Multiple, Recursive file Search/Replace and Corrupting Your Repository

Today I was working on a project of mine, and I needed to rename a function. The function name was fine when I wrote it, but I needed to make a function with some very similar functionality. Naturally I broke it down, abstracted the old function and created a few new ones which called it in slightly different ways. Anyways, that's not important. What's important is I needed to rename a function that's used all over the place in a package.

Now, I'm developing this aforementioned project in a linux environment, using emacs. While I can edit proficiently with emacs, I'm not an M-x butterfly using guru by any means. So I thought I'd just do a recursive search and replace using find and sed:

find ./ –type i | xargs sed –i 's/dict_format/dict_to_object/'

I found it online somewhere. I figured, "what's the harm?

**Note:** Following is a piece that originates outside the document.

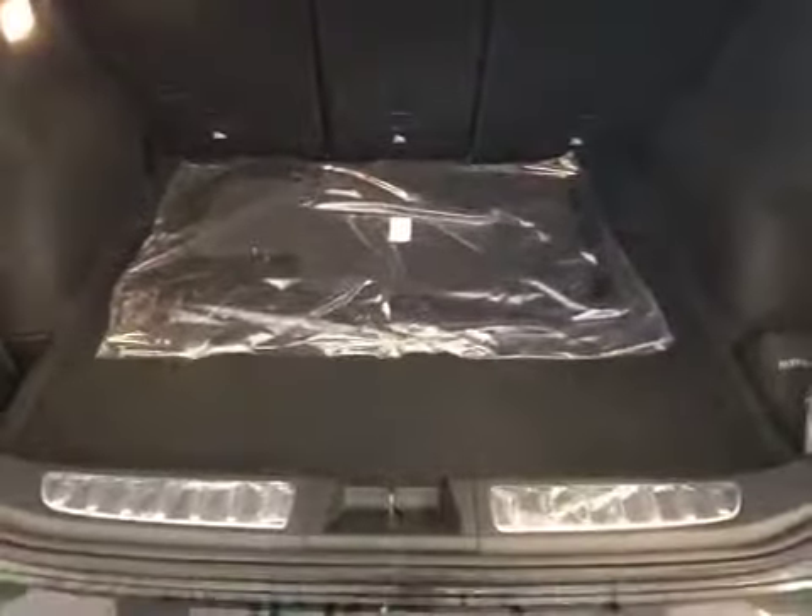Let's take a look inside the trunk — a lot of cargo space in the back. Let's take a look at this vehicle from the rear passenger seat. A lot of legroom space in the back. We also have a cup holder, a storage space, and power windows. The panoramic roof is on the roof.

My project is under version control at BitBucket, and I'll learn some bash skills." So I ran the command, did an hg diff and saw that it worked well. I was pleased. "Time to commit these changes," I thought.

carson@vmdev:~/py/aforementioned_project@ hg ci –m "Renamed that pesky function"
abort: index data/.../format.py.i is corrupted!

Dear lord, no!

Of course, I knew what happened. "What's an index file, anyway? I'll just change it back." It turns out an index file is a binary file—since I couldn't update to an earlier revision due to the corrupted index, I cloned a different copy of the repository and took a look. There is no human-readable text in there whatsoever. No word as to how the new name of my function wound up smudged in there.

"Oh well," I said, "I have this new index file, let's see what happens if I just copy it into my .hg." Well, that doesn't work.

"OH WELL," I said, "I'll just delete everything, and use this new clone." Except that I had been committing to my local repo, and hadn't bothered to push the changes to BitBucket before I did the search/replace. D'oh!

I only lost about an hour and a half of work, but it could have been much worse. I've gone several days without pushing before. I realize there are probably several things I could have done to rectify the situation without losing the work. Such as the obvious one, copying my changed files to the new clone and re-committing them. I'm sure there's more solutions that are more technical, involving some hg-fu, but I'm not aware of them at this point.

My lesson is this: push often! Learn to use your IDE to do automated refactoring for you, and make sure it ignores your .hg/.git/.svn directory. Things like this happen to everyone, at some point, but it still sucks.

The worst part is, there weren't even any changes that needed to be made in the top-level directory of my project. I could have just run the command in the affected package and avoided this whole catastrophe. Oh well. We live, we learn.